In its previous update, issued in April, the agency noted that there were signs that El Niño could occur, but it didn't put a specific number on the likelihood of it happening. It is now more certain that El Niño will develop, based on data collected by climate agencies in the U.S., U.K., France, Japan and elsewhere.
"If you go by historical frequency, there's a 25% chance of El Niño to occur at any time," said Rupa Kumar Kolli, climate scientist at the WMO, a Geneva-based agency of the United Nations. "Now we have 60%—which is more than double the historical probability."
El Niño is a natural cyclical event that gets triggered when winds in the equatorial Pacific slow down or reverse direction. That warms the water and can disrupt weather patterns around the world.
The impact can be severe. El Niño is associated with local droughts and floods. The Indian monsoon rainfall tends to be less than normal, which affects crops.
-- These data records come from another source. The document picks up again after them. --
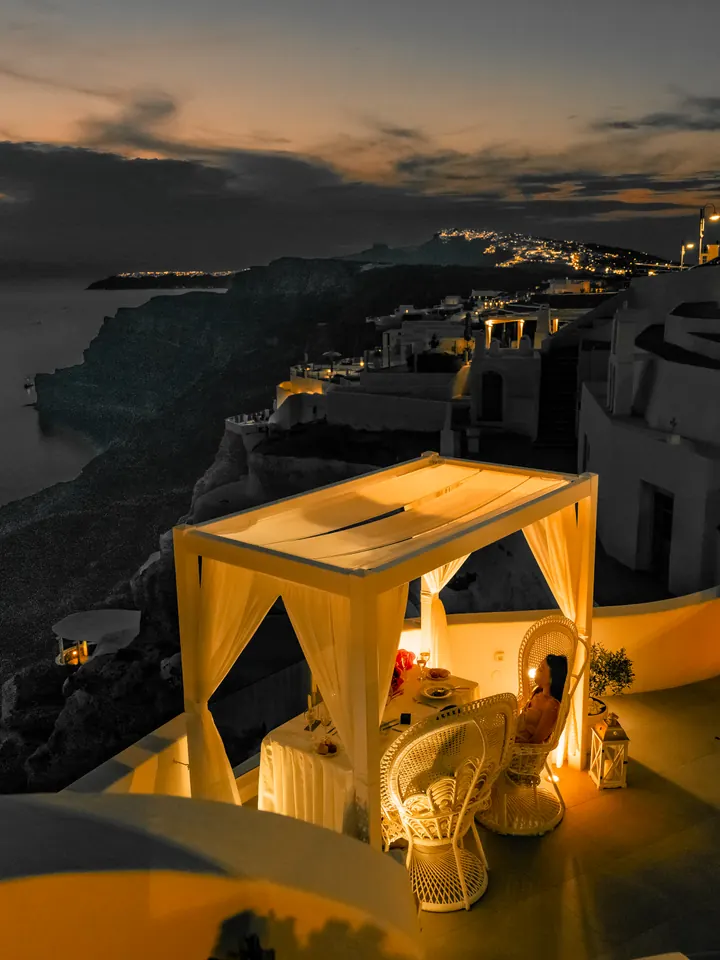 A draped cabana lit with candles on a private terrace as the lights of the Santorini caldera glow at dusk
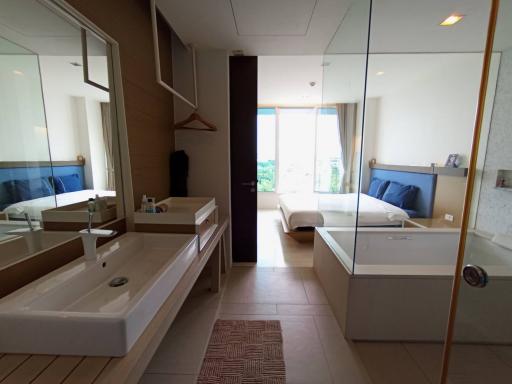 Spacious modern bathroom with double vanity and glass shower enclosure extending to a bedroom view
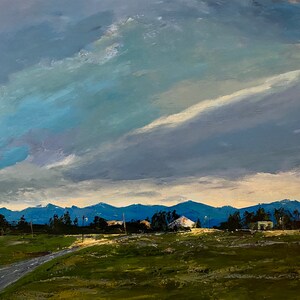 May include: A painting of a landscape with a single-story house in the distance. The sky is a light blue with white clouds. The mountains in the background are a dark blue. The foreground is a field of green grass.
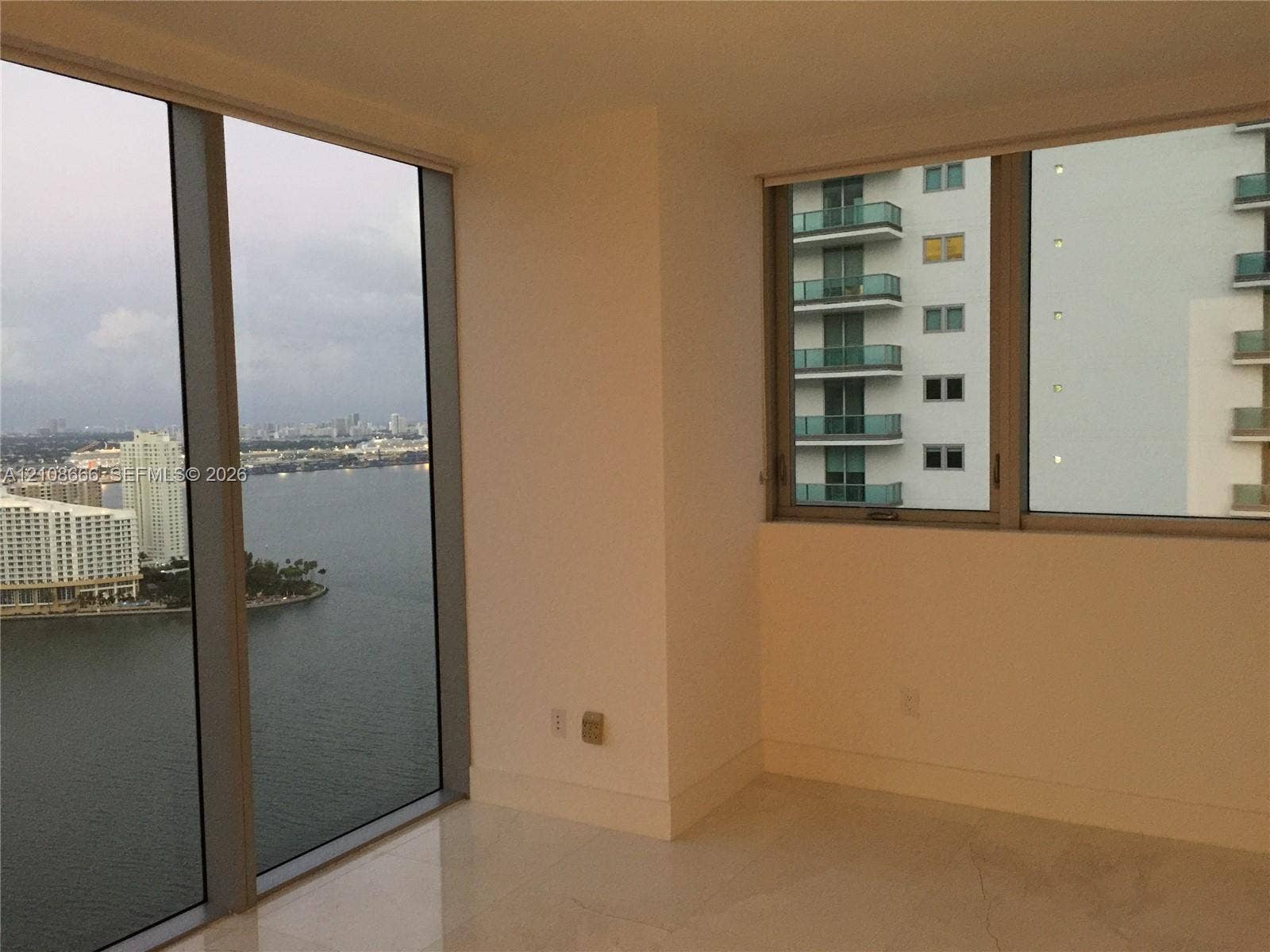1300 Brickell Bay Drive, #3506, Miami, FL 33131 Floor-to-ceiling windows with metal framing, expansive water exposure, and light-toned flooring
Storms also tend to be more vigorous in the Gulf of Mexico and along the southeast coast of the U.S., which leads to wetter-than-normal conditions in that area.
Altered weather patterns have big effects, especially on activities such as agriculture and mining. Thus, in the past, El Niño has triggered price increases for a range of commodities, including soybeans, coffee and nickel. The last El Niño was in 2009-2010.
In recent years, researchers have become increasingly concerned that El Niño may amplify the effects of long-term global warming.
The main reason is that in El Niño years, the global mean temperature tends to be slightly higher than normal, a conclusion that is based on data collected over more than a half-century. Some researchers worry that when the El Niño effect on temperature is added to the longer-term pattern of increased temperature, the weather in El Niño years could get more disrupted than usual.
Government-run climate agencies in the U.S. and Japan have independently reported that average global temperatures in the month of May were the highest on record, even without an El Niño.
"If you couple high temperatures with a full-blown El Niño, things could get worse," said Dr. Kolli.
So far, the models suggest that this year's potential El Niño will be of moderate strength. The data shows that while the sea-surface and subsurface temperatures have reached the threshold states in parts of the Pacific, the overlying atmosphere in those regions haven't reached the conditions that would trigger El Niño.
In typical El Niño years, surface sea temperatures in the central and eastern Pacific are substantially warmer than temperatures in the western Pacific. This year, though, the western Pacific is warmer than usual—one possible reason why El Niño has yet to form.
But, as with many things climate-related, predictions can only go so far. In 2012, for example, U.S. researchers issued an "El Niño Watch" when chances became as high as 75% that El Niño would form. It never did.